Chromatic Number & Coloring Bounds
$\chi(G)\geq\omega(G)$ (clique number: largest complete subgraph). For bipartite graphs: $\chi=2$ (iff no odd cycles). Upper bounds: $\chi(G)\leq\Delta(G)+1$ (greedy coloring, $\Delta=$ max degree; Brooks' theorem: equality iff $G=K_n$ or odd cycle). The chromatic polynomial $P(G,k)$ counts proper $k$-colorings; $P(K_n,k)=k(k-1)\cdots(k-n+1)$; $P(C_n,k)=(k-1)^n+(-1)^n(k-1)$.
Kuratowski's Theorem & Euler's Formula
A graph is planar iff it has no subdivision of $K_5$ or $K_{3,3}$ as a subgraph (Kuratowski, 1930). For a connected planar graph: $v-e+f=2$ (Euler's formula, $f=$ faces including outer).
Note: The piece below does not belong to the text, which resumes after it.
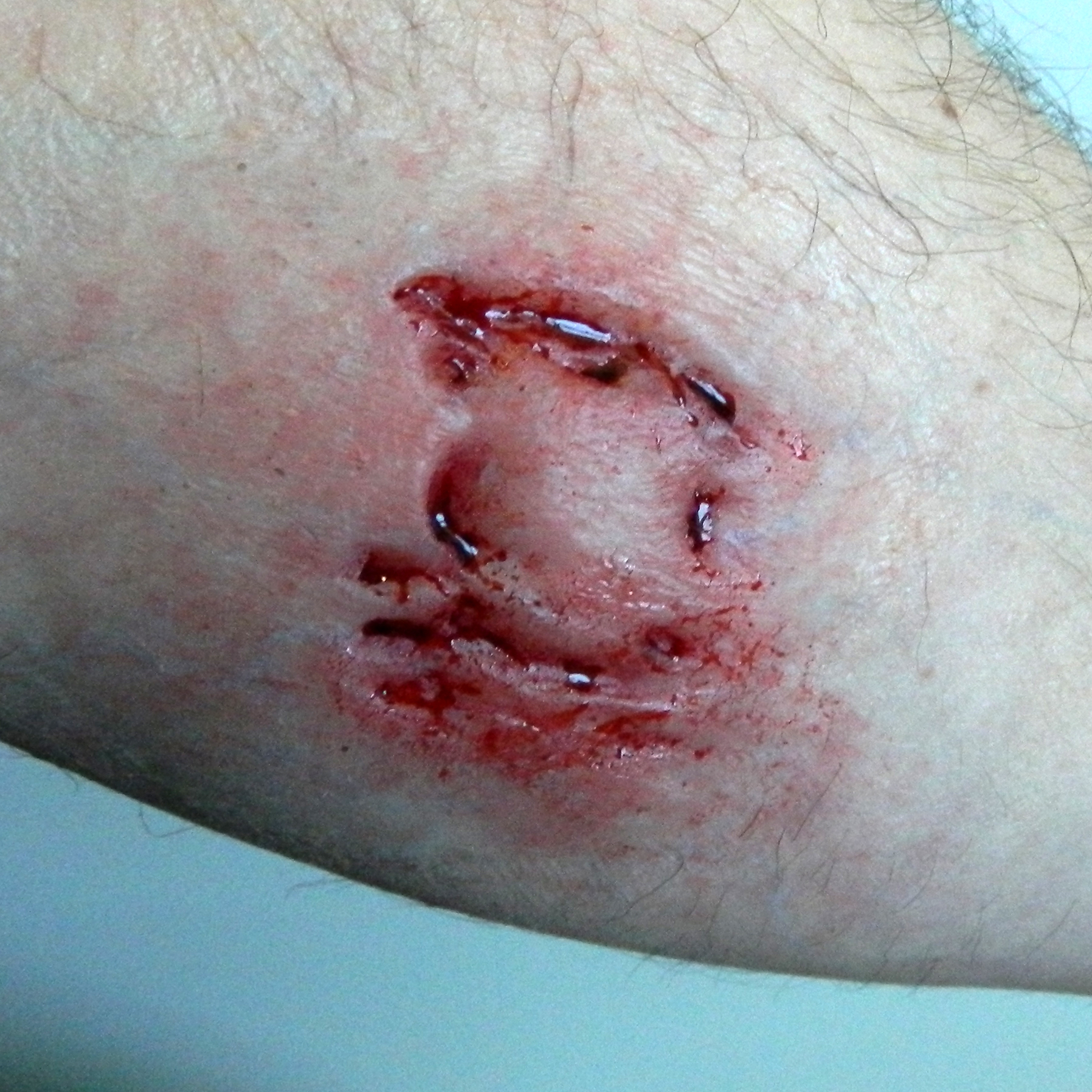 Flatmould Form 012 -&nbsp;Rivsår / Krosskada / Laceration  - 7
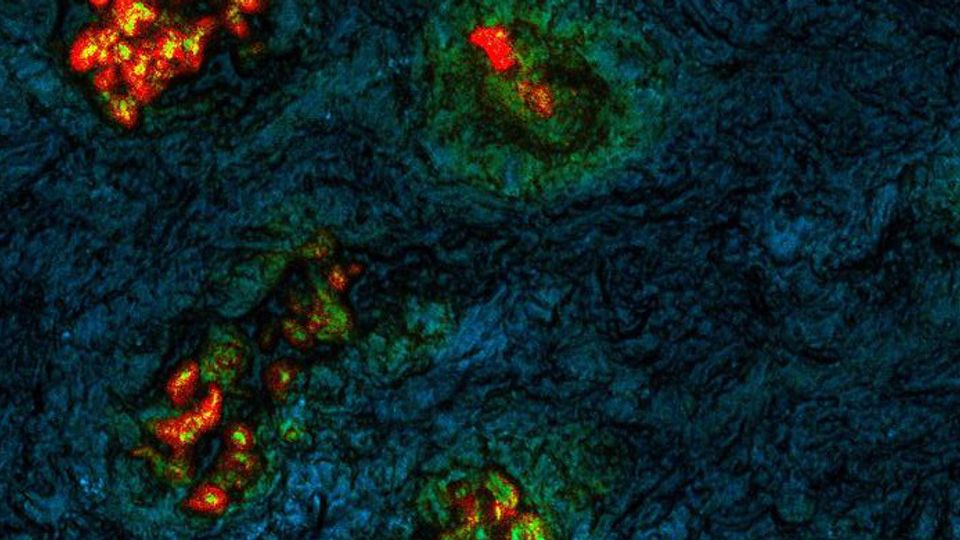 Clusters of colorectal cancer cells metastasized to the liver, resected from a patient.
Consequence: $e\leq 3v-6$ (since each face $\geq 3$ edges, $2e\geq 3f$, combined with Euler). $K_5$: $e=10>3(5)-6=9$; $K_{3,3}$: $e=9>2(6)-4=8$ (bipartite, each face $\geq 4$ edges). Both non-planar.
Example 1
Determine $\chi(C_7)$ and $\chi(K_{3,3})$.
Solution: $C_7$: odd cycle (7 vertices). Need $\chi\geq 2$ (not bipartite, no 2-coloring). Need $\chi\leq 3$: color alternately $1,2,1,2,1,2,1$; last vertex adjacent to first (color 1) and previous (color 2), needs color 3. So $\chi(C_7)=3$. $K_{3,3}$: bipartite (parts $\{1,3,5\}$ and $\{2,4,6\}$); 2-color the parts: $\chi(K_{3,3})=2$.
Example 2
Prove $K_5$ is non-planar using Euler's formula.
Solution: Suppose $K_5$ is planar. $v=5$, $e=10$. Euler: $v-e+f=2$, so $f=2-5+10=7$. Each face is bounded by $\geq 3$ edges; each edge borders 2 faces: $2e\geq 3f$, i.e., $20\geq 21$. Contradiction. So $K_5$ is non-planar.
Practice
- Prove the Five Color Theorem: every planar graph is 5-colorable.
- Compute $\chi(G)$ for the Petersen graph and show it equals 3.
- Use the deletion-contraction formula to compute $P(K_3,k)=(k)(k-1)(k-2)$.
- Show that $\chi(G)\cdot\chi(\bar{G})\geq n$ where $\bar{G}$ is the complement of $G$.
Show Answer Key
1. By Euler's formula ($v-e+f=2$) and $e\le3v-6$ for planar graphs: $\delta(G)\le5$ (some vertex has degree $\le5$). Induct: remove $v$ with $\deg\le5$, 5-color $G-v$, and reinsert $v$. At most 5 neighbors use at most 5 colors. If only 4 colors used among neighbors, assign the 5th. If all 5 used, a Kempe-chain argument frees a color.
2. The Petersen graph has girth 5 (no 3- or 4-cycles), so $\chi\ge3$. A valid 3-coloring exists (verified by construction or noting it's vertex-transitive with independence number 4). So $\chi=3$.
3. $P(K_3,k)$: vertex 1 gets $k$ colors, vertex 2 gets $k-1$ (not 1's color), vertex 3 gets $k-2$ (not 1's or 2's). $P(K_3,k)=k(k-1)(k-2)$.
4. In any proper coloring of $G$, each color class is independent. $\alpha(G)\ge n/\chi(G)$, so $\chi(G)\ge n/\alpha(G)$. Similarly $\chi(\bar{G})\ge n/\alpha(\bar{G})$. Since $\alpha(G)\cdot\alpha(\bar{G})\le n$ (a clique in $\bar{G}$ is independent in $G$), multiplying gives $\chi(G)\chi(\bar{G})\ge n$.